En équilibre sur le fil de la comédie et de l’action dite « sérieuse », OVNI(s) n’est jamais parodique (comme le sont OSS 117 ou Au service de la France) et installe sa narration d’épisode en épisode, en alternant comédie pure jusqu’au burlesque (la scène de coup de téléphone à VGE vaut son pesant de diamants de Bokassa), débats à peine voilés sur la place de la femme à la fin des années 70, sur les choix de vie, sur ce qu’est faire carrière lorsqu’on est une femme dans un monde professionnel foncièrement masculin, sur les relations homosexuelles, sur l’émancipation, sur la liberté de choisir, de croire… ou de ne pas croire. Ancrée dans l’année 78, OVNI(s) n’est jamais aussi contemporaine que lorsqu’elle interroge les biais de confirmation ou les possibles manipulations gouvernementales.
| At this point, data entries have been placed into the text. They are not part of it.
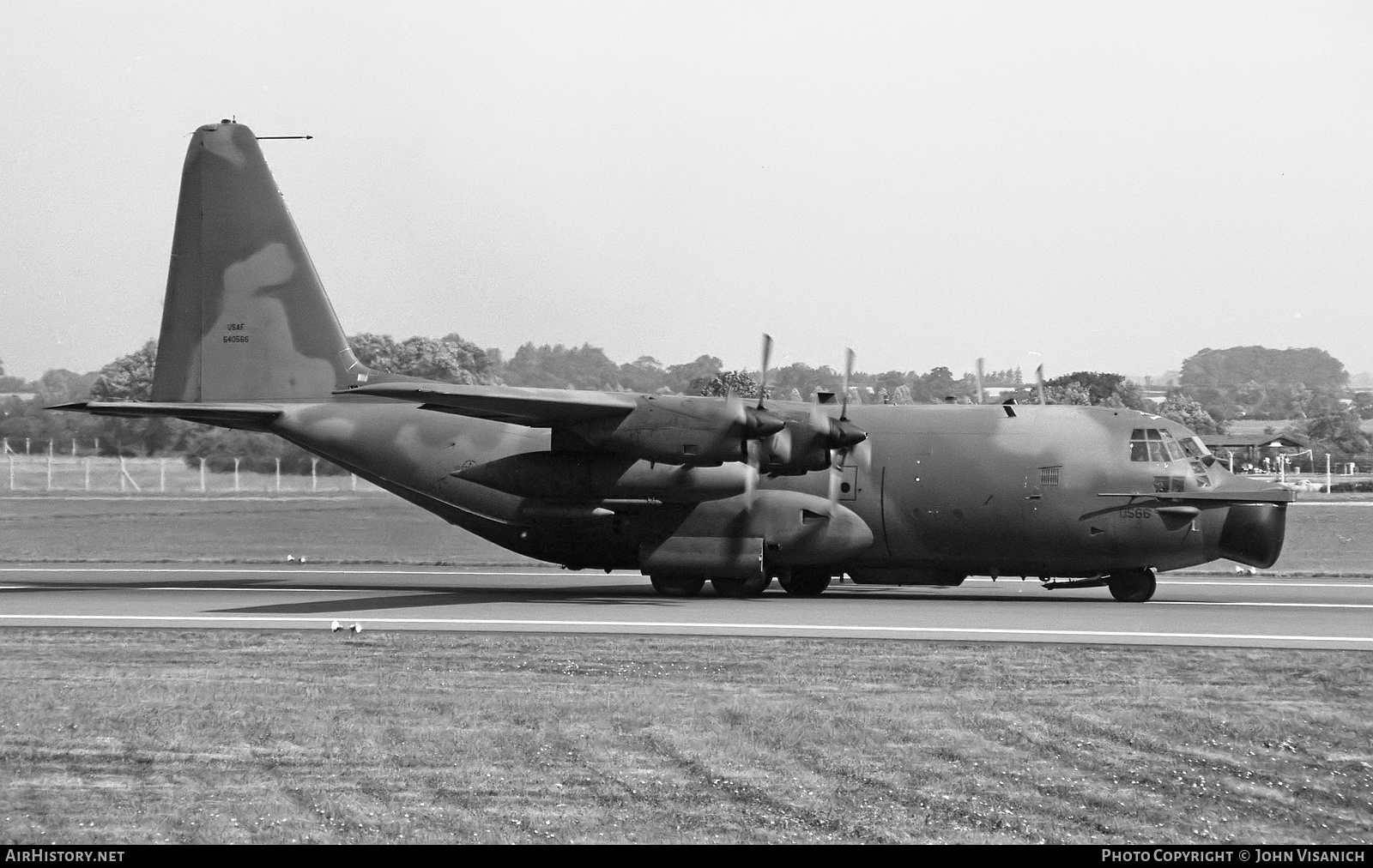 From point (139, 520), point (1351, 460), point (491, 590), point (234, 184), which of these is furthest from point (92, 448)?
point (1351, 460)

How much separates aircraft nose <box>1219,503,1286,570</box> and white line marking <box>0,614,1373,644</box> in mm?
4442

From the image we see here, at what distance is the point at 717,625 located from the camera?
19.4 metres

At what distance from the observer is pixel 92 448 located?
140 feet

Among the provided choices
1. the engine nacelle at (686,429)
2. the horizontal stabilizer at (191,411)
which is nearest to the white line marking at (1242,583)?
the engine nacelle at (686,429)

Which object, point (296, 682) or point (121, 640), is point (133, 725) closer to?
point (296, 682)

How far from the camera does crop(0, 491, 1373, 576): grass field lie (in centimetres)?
3494

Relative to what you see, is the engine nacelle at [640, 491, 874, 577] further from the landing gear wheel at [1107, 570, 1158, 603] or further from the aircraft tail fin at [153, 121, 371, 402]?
the aircraft tail fin at [153, 121, 371, 402]

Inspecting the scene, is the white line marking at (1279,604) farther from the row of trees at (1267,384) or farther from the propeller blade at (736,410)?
the row of trees at (1267,384)

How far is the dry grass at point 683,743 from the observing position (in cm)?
1020

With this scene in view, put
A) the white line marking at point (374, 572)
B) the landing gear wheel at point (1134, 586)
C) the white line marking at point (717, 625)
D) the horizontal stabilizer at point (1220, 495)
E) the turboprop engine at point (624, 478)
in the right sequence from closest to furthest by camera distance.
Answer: the white line marking at point (717, 625)
the horizontal stabilizer at point (1220, 495)
the turboprop engine at point (624, 478)
the landing gear wheel at point (1134, 586)
the white line marking at point (374, 572)

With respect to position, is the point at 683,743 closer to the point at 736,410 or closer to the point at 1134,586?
the point at 736,410

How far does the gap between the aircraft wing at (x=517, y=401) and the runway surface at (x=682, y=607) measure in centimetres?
308

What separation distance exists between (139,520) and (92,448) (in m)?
3.95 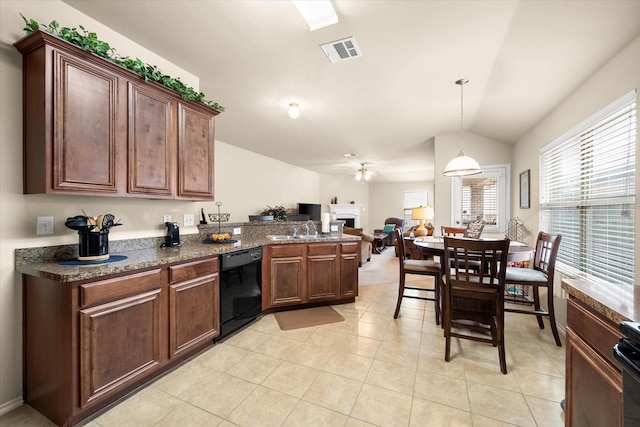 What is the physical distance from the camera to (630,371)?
713 mm

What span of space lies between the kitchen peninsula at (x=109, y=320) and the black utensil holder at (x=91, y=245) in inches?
6.6

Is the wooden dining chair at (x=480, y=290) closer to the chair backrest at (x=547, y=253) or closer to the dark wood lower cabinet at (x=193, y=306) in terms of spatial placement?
the chair backrest at (x=547, y=253)

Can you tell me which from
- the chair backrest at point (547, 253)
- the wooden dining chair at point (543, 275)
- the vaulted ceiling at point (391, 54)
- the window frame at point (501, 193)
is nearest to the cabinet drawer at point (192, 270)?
the vaulted ceiling at point (391, 54)

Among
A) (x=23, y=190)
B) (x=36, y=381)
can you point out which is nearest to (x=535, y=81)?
(x=23, y=190)

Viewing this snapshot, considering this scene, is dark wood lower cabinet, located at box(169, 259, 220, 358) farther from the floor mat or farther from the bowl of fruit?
the floor mat

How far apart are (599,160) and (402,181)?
26.6 feet

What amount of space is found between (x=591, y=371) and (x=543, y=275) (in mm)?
1905

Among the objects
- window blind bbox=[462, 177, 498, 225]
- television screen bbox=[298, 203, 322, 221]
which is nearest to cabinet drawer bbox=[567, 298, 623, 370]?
window blind bbox=[462, 177, 498, 225]

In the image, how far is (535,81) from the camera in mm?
2633

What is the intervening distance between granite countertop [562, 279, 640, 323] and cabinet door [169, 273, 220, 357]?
227cm

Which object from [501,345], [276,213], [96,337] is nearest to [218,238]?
[96,337]

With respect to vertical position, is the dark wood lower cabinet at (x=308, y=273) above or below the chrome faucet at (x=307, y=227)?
below

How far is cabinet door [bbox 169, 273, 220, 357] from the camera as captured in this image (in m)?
1.95

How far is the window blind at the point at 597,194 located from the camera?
75.3 inches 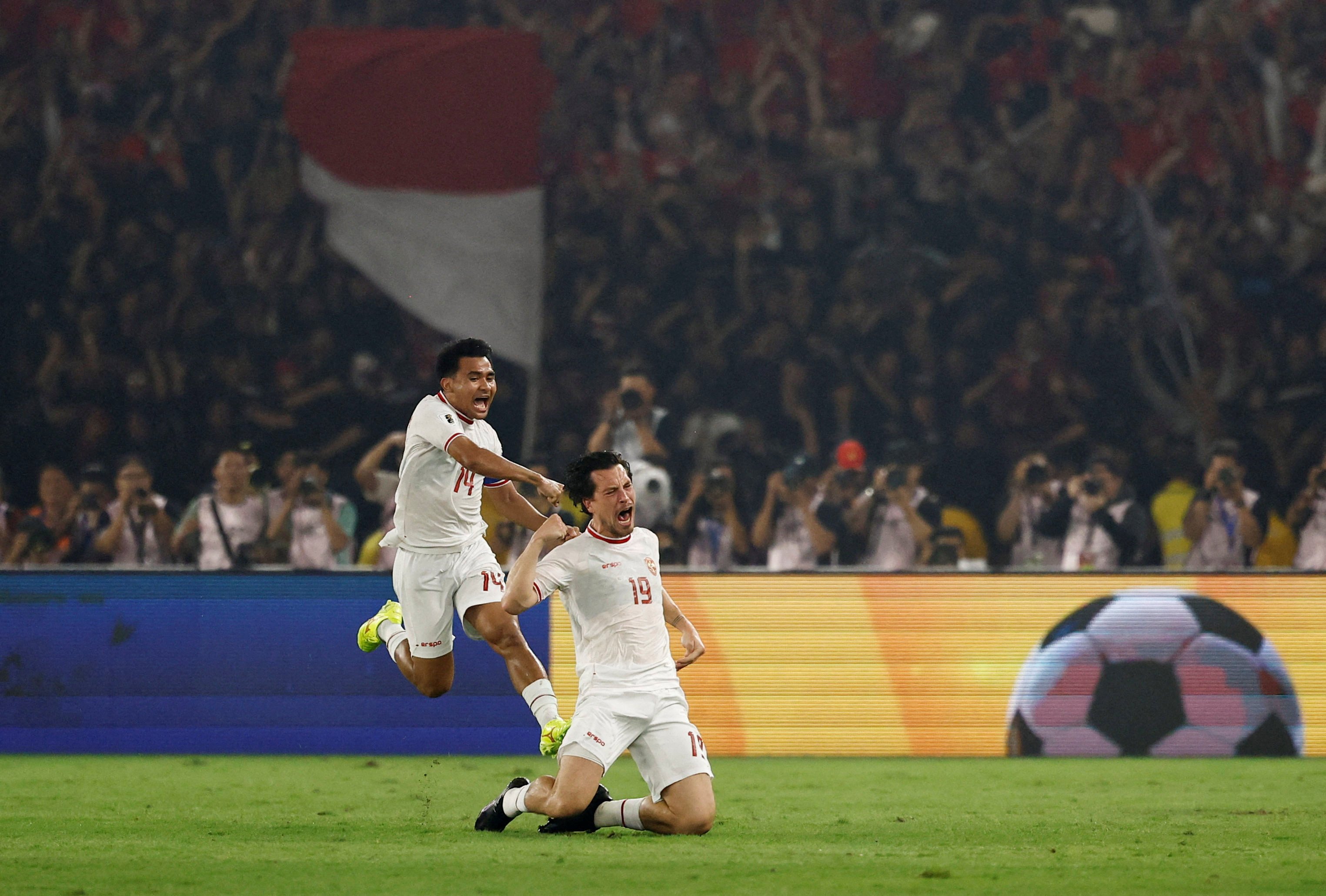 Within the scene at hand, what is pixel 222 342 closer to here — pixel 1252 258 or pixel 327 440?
pixel 327 440

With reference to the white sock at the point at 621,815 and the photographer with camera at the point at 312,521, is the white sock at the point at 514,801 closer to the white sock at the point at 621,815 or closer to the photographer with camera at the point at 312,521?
the white sock at the point at 621,815

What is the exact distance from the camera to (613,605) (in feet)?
19.8

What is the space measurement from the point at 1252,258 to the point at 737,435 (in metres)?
5.21

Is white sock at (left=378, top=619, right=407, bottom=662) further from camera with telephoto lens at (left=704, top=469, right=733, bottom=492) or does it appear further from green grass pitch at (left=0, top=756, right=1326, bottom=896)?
camera with telephoto lens at (left=704, top=469, right=733, bottom=492)

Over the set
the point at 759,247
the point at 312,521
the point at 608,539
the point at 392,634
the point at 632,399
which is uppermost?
the point at 759,247

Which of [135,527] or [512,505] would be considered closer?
[512,505]

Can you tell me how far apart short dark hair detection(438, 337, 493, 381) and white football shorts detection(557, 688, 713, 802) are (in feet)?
5.09

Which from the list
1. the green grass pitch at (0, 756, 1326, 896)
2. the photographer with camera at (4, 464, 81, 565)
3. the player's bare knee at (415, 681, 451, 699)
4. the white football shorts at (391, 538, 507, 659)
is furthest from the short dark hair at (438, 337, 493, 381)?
the photographer with camera at (4, 464, 81, 565)

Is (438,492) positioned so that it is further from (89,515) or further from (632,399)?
(89,515)

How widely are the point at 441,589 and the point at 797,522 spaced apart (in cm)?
524

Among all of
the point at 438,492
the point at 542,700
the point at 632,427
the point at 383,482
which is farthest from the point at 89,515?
the point at 542,700

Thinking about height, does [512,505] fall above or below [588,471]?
below

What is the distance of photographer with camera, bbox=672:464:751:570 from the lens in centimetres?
1198

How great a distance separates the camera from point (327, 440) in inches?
564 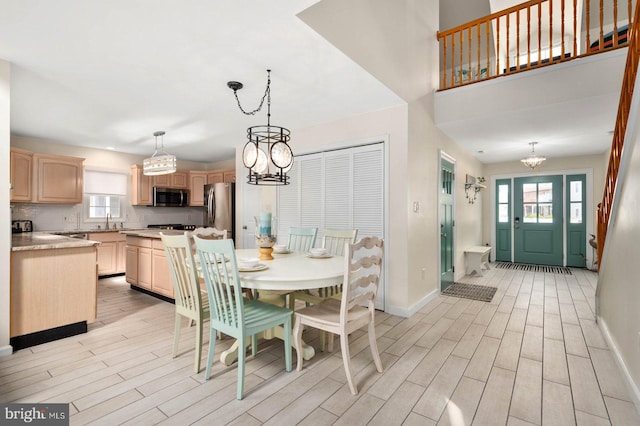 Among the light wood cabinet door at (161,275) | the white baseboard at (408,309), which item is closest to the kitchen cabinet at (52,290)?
the light wood cabinet door at (161,275)

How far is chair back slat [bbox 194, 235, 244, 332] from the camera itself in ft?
6.32

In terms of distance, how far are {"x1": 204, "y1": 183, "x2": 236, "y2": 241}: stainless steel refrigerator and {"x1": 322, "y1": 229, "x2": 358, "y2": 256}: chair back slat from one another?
2.84 meters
Sans aller jusqu’à dire que croire aux Ovnis ou que les États nous cachent des choses est un complotisme avant l’heure, la question de la démystification des phénomènes inexpliqués par l’approche scientifique n’est pas très éloignée de celle, très actuelle, du fact-checking à l’ère des faits alternatifs et de la post-vérité.

Portée par une bande originale signée Thylacine qui épouse parfaitement l’ambiance nostalgique, OVNI(s) est une expérience sensorielle complète avec des signatures reconnaissables : Tangerine Dream, Cerrone, Jean-Michel Jarre, François de Roubaix et… Pierre Bachelet (la BO de Coup de Tête de Jean-Jacques Annaud). Avec 12 épisodes (et une saison 2 déjà commandée), OVNI(s) fait assurément date : la série nous invite à regarder autrement (merveilleux twist final de la saison dont nous ne dirons rien), à accepter l’inexplicable et continuer de rêver.

OVNI(s), série créée par Clémence Dargent et Martin Douaire, réalisée par Antony Cordier, avec Melvil Poupaud, Géraldine Pailhas, Daphné Patakia, Quentin Dolmaire, Michel Vuillermoz, Nicole Garcia, Laurent Poitrenaux, Jean-Charles Clichet, Capucine Valmary, Alessandro Mancuso… Produit par Canal+, Montebello Productions.
BO de Thylacine © Montebello Productions / Intuitive Records / BMG / Studiocanal. Deux épisodes chaque lundi à partir du 11 janvier.
Intégrale de la saison disponible sur MyCanal.